The same applies to compensation for victims. Most States of Australia have a victim’s compensation scheme. The maximum award for compensation varies from around fifty thousand dollars to seventy five thousand dollars. The statutory limitation is usually three years. In New South Wales, the time limit is two years. In NSW, victims of child sexual abuse usually receive up to thirty-five thousand dollars; the most serious cases of long-term pattern abuse can receive forty thousand dollars to fifty thousand dollars. These sorts of payouts are what I call token payouts. They are not calculated using any formula. They are simply amounts which the government scheme can afford. They do not reflect in any way the victim’s suffering, past or future. They take no account of economic loss, past or future. Typically, civil payouts by churches and charities are often in the order of fifty thousand dollars to a hundred thousand dollars. In some cases a bit more. But these are still token payments. They are payments offered to people who are living in poverty. The institutions take advantage of the victims’ poor circumstances. The victims are expected to take the money and keep quiet.

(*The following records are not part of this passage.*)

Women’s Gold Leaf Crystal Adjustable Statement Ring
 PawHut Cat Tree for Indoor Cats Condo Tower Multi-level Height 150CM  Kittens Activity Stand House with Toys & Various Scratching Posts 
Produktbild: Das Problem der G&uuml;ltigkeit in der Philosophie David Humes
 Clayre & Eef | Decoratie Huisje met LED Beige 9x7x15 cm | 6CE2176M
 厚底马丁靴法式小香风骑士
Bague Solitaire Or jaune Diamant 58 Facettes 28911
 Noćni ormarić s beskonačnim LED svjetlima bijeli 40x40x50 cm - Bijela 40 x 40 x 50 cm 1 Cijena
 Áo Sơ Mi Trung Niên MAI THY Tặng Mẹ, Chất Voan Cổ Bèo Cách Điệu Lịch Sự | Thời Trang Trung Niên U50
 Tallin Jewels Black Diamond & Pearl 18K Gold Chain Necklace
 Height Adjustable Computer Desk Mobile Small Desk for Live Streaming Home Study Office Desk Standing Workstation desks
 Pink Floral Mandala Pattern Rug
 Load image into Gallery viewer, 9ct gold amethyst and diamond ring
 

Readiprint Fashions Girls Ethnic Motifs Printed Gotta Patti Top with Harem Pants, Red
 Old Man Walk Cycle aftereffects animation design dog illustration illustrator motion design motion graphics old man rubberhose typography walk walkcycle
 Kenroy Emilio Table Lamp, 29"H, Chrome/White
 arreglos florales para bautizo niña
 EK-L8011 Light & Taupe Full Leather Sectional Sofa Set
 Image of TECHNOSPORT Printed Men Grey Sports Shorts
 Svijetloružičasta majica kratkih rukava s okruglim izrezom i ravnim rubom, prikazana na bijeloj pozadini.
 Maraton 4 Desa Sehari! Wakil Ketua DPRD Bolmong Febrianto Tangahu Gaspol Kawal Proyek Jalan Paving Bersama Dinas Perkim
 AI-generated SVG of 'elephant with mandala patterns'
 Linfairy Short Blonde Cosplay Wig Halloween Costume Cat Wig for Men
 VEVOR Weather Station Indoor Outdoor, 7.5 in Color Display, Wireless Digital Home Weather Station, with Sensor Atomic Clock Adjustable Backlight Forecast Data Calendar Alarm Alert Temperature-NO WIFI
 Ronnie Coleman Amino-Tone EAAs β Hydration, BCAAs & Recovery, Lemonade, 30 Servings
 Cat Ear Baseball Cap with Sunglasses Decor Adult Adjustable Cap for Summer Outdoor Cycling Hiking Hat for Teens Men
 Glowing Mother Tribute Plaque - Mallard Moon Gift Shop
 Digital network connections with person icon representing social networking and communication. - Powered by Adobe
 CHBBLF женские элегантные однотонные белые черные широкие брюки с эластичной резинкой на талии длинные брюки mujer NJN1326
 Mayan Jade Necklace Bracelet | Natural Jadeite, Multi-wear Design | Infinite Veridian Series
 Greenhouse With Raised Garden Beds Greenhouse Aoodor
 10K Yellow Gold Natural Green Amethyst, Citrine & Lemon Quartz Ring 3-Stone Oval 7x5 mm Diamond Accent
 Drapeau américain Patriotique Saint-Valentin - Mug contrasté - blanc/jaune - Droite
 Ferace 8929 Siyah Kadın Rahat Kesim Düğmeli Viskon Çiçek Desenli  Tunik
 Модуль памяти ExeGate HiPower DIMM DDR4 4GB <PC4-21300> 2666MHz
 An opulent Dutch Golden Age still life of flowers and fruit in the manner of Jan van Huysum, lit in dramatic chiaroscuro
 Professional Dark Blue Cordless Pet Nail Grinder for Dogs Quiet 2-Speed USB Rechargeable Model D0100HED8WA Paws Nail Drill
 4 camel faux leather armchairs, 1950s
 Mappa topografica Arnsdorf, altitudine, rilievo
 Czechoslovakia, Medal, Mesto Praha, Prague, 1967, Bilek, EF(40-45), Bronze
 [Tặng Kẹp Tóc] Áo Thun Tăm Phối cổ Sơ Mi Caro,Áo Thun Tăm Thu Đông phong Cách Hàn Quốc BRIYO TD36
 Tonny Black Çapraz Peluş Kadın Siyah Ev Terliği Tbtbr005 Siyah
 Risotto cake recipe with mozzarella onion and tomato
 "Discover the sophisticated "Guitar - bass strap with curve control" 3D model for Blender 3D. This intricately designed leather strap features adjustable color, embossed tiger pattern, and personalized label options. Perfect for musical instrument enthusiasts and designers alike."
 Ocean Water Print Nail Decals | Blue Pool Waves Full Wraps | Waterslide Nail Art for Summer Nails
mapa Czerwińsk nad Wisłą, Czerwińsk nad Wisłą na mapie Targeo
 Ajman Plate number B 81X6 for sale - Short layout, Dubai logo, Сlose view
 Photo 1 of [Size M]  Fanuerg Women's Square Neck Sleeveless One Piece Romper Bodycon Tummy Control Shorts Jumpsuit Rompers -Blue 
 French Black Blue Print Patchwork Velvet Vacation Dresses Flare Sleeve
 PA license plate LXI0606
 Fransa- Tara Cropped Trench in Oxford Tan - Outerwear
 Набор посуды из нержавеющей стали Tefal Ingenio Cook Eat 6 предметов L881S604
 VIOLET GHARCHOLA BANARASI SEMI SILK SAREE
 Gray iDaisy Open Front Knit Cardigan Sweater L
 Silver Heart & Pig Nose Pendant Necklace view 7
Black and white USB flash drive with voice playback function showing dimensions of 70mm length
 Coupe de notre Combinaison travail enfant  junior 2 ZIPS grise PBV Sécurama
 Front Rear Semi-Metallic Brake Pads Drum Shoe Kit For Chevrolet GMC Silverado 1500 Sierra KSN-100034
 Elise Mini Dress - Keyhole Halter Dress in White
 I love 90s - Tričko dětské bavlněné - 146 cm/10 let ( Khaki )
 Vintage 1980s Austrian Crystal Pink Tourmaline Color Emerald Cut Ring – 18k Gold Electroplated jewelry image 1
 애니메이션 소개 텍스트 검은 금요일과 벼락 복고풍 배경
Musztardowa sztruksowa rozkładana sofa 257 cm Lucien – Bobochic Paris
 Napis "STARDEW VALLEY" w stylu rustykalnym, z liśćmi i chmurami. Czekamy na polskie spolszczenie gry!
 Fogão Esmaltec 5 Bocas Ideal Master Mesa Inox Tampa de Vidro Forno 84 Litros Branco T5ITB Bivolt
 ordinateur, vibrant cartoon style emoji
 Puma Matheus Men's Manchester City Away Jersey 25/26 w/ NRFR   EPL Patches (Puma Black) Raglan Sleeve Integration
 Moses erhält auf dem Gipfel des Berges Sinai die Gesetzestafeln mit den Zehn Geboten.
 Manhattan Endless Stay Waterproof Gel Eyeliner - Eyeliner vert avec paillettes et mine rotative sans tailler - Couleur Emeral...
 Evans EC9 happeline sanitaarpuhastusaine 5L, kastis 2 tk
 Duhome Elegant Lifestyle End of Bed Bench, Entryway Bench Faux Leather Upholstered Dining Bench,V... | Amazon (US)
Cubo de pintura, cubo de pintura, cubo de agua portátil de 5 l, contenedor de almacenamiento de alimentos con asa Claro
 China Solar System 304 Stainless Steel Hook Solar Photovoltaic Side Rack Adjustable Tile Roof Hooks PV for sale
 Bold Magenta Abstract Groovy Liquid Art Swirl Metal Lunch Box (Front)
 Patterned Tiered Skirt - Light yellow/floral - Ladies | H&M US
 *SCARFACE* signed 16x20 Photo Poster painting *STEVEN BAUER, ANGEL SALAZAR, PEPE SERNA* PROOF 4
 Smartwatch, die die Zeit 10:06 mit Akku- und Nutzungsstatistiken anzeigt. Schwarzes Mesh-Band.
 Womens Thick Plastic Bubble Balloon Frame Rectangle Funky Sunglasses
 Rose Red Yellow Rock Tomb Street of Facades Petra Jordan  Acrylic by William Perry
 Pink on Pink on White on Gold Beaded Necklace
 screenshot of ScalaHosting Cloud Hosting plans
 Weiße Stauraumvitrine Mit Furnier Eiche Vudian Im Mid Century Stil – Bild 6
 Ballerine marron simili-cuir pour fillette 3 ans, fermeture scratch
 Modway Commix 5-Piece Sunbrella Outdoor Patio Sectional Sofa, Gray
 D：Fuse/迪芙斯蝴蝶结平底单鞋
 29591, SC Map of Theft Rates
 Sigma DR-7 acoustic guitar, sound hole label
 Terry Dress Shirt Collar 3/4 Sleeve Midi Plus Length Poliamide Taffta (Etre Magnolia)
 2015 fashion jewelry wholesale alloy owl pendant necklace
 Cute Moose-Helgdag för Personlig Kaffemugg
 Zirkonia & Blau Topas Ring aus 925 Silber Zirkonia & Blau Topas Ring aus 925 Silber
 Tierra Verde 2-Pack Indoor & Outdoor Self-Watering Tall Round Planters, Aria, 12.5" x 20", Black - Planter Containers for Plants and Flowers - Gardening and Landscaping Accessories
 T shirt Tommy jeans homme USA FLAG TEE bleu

Australia’s Royal Commission is bringing hope to many thousands of victims of institutional child sexual abuse…. hope that there will be justice and redress…. hope that perpetrators will be jailed…. hope that real compensation will be paid. Gone are the days of simple apologies. Saying sorry is easy and, in itself, is often unhelpful to the victims. I believe that when someone says that they are sorry, they must be really sorry. Compensation is needed to “seal” the apology and to make it believable and genuine. Real compensation sends the message to the community that the perpetrator did the wrong thing. The message is given to the community that this sort of behaviour is unacceptable and will be met with the full force of the law if it happens again.
The Laws of Australia state at [33.10.10]:
“The principal remedy for tort is compensatory monetary damages. It is recognised that damages cannot return a plaintiff precisely to the pre-tort position, but the award is calculated to achieve this as far as money can. The remedial purpose of compensation is to put injured parties back as nearly as possible into the position in which they would have been had the wrong not been committed”.
These principles are further expounded in Todorovic v Waller[i], a 1980 High Court of Australia decision which states:-
1. A plaintiff who has been injured by the negligence of the defendant should be awarded such a sum of money as will, as nearly as possible, put him in the same position as if he had not sustained the injuries.
2. Damages for one cause of action must be recovered once and forever, and (in the absence of any statutory exception) must be awarded as a lump sum; the court cannot order a defendant to make periodic payments to the plaintiff.
3. The Court has no concern with the manner in which the plaintiff uses the sum awarded to him; the plaintiff is free to do what he likes with it.
4. Fourthly, the burden lies on the plaintiff to prove the injury and the loss for which he received damages.
I think it is important to recognise that it is the law in Australia that compensation must be awarded in a lump sum. This is to be a sum of money which will as far as possible return a victim to the same position that he or she would have occupied if it was not for the abuse suffered. It is also to be noted that compensation serves a remedial purpose as well as a restorative purpose. I think it is interesting that the case of Todorovic gives an injured party full and unfettered right to do what he or she wants to do with their lump sum compensation. I will be proposing to the Royal Commission that free expert financial advice be made available to all victims seeking compensation and the costs of this advice be built into a national fund to be subsidised by the institutions at fault. All too often, victims who have never seen thousands of dollars before receiving a lump sum find their compensation is used up with very little to show for it. However, with sound financial advice, there is an opportunity for victims to use their compensation money wisely, perhaps to purchase a house and to have something left over to invest and to provide an income for themselves into their old age.
 Todorovic v Waller (1981) 150 CLR 402, 412.